Nothing but the line containing "新品未使用　木目込み　雛人形　15人飾り　①" and the lines after it in the entries below should appear, each repeated exactly.

# # # # # # #

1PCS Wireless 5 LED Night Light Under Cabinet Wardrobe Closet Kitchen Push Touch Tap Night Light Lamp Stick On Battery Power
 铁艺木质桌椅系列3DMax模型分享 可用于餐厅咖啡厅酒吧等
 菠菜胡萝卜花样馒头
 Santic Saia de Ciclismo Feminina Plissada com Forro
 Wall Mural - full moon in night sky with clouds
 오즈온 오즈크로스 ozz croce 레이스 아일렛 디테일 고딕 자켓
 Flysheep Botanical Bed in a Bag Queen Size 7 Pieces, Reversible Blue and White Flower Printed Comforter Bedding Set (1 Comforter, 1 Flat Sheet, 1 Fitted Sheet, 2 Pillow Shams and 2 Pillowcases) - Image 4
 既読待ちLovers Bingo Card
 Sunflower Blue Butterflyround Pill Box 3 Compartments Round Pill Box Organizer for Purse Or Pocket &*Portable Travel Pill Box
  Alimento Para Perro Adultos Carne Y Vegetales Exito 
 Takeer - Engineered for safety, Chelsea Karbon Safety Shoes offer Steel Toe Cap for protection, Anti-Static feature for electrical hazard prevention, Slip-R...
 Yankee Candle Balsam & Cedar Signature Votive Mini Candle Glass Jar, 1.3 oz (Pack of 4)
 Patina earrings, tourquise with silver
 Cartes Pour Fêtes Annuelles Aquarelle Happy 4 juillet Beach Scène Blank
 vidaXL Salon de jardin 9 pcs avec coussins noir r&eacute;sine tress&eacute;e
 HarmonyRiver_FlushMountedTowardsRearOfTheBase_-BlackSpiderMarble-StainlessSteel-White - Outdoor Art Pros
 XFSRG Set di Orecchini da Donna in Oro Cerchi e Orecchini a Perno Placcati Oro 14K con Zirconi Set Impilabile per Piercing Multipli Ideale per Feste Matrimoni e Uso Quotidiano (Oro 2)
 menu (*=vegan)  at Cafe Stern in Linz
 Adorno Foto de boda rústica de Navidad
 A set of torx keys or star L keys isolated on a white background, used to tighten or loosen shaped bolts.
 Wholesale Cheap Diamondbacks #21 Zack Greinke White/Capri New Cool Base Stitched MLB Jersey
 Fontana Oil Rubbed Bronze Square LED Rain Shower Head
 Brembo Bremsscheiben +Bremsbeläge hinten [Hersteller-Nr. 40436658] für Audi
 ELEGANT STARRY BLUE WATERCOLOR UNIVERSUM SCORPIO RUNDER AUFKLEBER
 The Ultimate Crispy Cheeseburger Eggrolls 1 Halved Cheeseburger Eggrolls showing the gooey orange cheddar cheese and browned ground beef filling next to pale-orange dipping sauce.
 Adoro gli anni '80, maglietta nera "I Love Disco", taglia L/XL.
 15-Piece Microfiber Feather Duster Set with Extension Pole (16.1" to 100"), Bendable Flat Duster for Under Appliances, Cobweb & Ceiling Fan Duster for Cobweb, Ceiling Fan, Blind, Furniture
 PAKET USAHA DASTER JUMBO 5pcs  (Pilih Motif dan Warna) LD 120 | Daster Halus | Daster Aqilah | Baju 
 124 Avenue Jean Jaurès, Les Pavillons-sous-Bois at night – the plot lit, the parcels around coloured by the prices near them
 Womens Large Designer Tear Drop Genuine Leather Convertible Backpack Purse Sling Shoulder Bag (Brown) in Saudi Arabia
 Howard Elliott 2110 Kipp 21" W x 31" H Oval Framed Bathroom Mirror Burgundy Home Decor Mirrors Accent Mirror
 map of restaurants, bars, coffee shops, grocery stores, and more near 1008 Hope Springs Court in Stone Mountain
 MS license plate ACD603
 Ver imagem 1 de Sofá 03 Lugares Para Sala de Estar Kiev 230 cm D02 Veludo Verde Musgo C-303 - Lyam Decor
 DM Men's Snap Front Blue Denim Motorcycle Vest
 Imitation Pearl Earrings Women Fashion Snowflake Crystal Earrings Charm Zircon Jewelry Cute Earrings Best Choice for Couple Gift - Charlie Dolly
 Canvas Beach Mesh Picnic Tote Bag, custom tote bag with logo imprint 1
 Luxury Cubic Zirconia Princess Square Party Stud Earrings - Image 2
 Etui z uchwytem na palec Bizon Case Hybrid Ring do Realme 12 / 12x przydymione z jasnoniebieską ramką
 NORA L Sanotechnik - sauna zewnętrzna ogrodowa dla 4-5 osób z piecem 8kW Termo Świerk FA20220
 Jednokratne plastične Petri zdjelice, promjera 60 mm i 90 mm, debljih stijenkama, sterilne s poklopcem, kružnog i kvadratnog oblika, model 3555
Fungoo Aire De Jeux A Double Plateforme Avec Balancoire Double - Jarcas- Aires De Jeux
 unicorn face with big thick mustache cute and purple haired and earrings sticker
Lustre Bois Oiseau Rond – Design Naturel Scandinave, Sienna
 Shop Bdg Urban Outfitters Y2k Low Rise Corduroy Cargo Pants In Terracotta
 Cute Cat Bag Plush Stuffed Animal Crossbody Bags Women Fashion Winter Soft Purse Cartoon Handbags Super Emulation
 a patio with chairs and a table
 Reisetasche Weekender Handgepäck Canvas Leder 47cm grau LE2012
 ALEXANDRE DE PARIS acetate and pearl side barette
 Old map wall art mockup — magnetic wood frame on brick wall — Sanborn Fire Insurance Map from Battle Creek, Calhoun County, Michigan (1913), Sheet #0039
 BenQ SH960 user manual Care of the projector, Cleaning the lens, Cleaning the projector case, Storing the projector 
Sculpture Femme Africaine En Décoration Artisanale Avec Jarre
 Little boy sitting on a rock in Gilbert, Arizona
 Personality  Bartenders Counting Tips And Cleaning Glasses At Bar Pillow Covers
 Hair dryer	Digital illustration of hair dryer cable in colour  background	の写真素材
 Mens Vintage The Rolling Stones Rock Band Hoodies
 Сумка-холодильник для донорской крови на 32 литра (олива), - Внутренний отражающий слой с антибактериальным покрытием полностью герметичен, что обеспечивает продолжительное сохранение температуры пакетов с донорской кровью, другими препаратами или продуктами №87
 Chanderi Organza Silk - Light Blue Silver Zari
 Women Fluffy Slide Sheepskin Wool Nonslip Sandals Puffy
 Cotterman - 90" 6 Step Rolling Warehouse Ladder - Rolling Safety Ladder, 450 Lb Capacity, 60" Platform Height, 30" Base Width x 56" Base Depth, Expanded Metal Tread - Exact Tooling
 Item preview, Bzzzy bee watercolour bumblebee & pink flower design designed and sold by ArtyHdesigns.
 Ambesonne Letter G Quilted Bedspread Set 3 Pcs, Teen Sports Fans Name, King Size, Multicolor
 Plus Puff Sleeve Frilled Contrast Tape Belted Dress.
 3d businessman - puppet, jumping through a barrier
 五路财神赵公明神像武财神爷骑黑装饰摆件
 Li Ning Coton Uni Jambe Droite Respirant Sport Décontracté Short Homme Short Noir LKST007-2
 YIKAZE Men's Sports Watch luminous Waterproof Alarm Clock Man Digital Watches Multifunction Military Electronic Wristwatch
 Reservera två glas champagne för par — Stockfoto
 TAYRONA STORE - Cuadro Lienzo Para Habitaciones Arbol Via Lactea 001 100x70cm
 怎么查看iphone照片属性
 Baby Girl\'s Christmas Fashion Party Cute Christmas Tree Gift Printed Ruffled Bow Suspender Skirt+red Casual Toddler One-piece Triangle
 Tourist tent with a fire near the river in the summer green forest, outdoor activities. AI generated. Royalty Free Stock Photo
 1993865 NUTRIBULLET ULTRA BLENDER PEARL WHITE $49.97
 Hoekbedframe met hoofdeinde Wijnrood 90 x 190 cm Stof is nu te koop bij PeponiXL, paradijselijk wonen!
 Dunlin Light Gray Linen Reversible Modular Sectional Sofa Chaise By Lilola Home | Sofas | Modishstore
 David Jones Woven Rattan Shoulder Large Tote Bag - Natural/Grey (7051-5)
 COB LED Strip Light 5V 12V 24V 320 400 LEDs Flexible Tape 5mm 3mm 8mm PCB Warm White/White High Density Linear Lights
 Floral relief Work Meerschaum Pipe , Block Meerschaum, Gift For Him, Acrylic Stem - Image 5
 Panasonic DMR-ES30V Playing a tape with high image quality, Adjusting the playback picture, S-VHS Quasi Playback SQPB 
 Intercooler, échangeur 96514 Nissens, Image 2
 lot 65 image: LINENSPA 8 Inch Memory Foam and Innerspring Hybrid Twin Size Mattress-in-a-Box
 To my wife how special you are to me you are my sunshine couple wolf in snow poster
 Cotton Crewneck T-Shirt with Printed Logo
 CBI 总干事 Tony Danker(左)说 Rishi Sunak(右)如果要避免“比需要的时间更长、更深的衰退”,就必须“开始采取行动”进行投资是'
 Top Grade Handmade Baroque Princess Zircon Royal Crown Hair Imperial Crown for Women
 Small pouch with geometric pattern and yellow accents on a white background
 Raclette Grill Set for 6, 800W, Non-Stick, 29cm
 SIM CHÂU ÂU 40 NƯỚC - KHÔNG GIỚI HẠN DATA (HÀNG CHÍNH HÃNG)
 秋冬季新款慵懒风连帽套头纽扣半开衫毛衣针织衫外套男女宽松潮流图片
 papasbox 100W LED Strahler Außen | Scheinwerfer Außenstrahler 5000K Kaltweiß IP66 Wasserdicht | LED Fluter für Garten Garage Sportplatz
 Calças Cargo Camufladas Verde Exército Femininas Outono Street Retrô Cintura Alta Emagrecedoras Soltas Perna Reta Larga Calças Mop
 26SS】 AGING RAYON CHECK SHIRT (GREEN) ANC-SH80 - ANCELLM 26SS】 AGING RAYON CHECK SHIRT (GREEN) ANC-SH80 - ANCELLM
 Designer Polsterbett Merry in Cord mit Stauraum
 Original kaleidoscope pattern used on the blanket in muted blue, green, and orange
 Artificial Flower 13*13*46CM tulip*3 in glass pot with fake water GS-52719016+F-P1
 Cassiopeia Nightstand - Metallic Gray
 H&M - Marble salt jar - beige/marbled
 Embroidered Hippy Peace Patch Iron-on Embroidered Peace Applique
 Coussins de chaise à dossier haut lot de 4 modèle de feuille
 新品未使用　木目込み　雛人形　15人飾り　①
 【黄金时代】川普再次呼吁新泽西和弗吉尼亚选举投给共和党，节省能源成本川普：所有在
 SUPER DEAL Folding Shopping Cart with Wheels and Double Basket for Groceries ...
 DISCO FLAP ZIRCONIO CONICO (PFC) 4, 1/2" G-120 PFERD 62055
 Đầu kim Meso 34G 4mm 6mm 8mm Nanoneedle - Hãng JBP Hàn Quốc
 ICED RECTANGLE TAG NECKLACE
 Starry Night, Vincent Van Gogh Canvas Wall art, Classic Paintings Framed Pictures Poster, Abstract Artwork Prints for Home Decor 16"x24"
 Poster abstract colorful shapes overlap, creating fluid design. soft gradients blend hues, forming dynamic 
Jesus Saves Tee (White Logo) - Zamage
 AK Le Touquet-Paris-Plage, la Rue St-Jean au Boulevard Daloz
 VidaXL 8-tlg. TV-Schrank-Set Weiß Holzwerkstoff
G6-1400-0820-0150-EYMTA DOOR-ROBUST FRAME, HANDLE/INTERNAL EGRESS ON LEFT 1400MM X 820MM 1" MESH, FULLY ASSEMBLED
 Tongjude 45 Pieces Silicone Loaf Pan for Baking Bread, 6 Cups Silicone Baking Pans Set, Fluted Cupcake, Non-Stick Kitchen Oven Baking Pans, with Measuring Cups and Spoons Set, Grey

# # # # # # #

### Result of this exercise
 新品未使用　木目込み　雛人形　15人飾り　①
 【黄金时代】川普再次呼吁新泽西和弗吉尼亚选举投给共和党，节省能源成本川普：所有在
 SUPER DEAL Folding Shopping Cart with Wheels and Double Basket for Groceries ...
 DISCO FLAP ZIRCONIO CONICO (PFC) 4, 1/2" G-120 PFERD 62055
 Đầu kim Meso 34G 4mm 6mm 8mm Nanoneedle - Hãng JBP Hàn Quốc
 ICED RECTANGLE TAG NECKLACE
 Starry Night, Vincent Van Gogh Canvas Wall art, Classic Paintings Framed Pictures Poster, Abstract Artwork Prints for Home Decor 16"x24"
 Poster abstract colorful shapes overlap, creating fluid design. soft gradients blend hues, forming dynamic 
Jesus Saves Tee (White Logo) - Zamage
 AK Le Touquet-Paris-Plage, la Rue St-Jean au Boulevard Daloz
 VidaXL 8-tlg. TV-Schrank-Set Weiß Holzwerkstoff
G6-1400-0820-0150-EYMTA DOOR-ROBUST FRAME, HANDLE/INTERNAL EGRESS ON LEFT 1400MM X 820MM 1" MESH, FULLY ASSEMBLED
 Tongjude 45 Pieces Silicone Loaf Pan for Baking Bread, 6 Cups Silicone Baking Pans Set, Fluted Cupcake, Non-Stick Kitchen Oven Baking Pans, with Measuring Cups and Spoons Set, Grey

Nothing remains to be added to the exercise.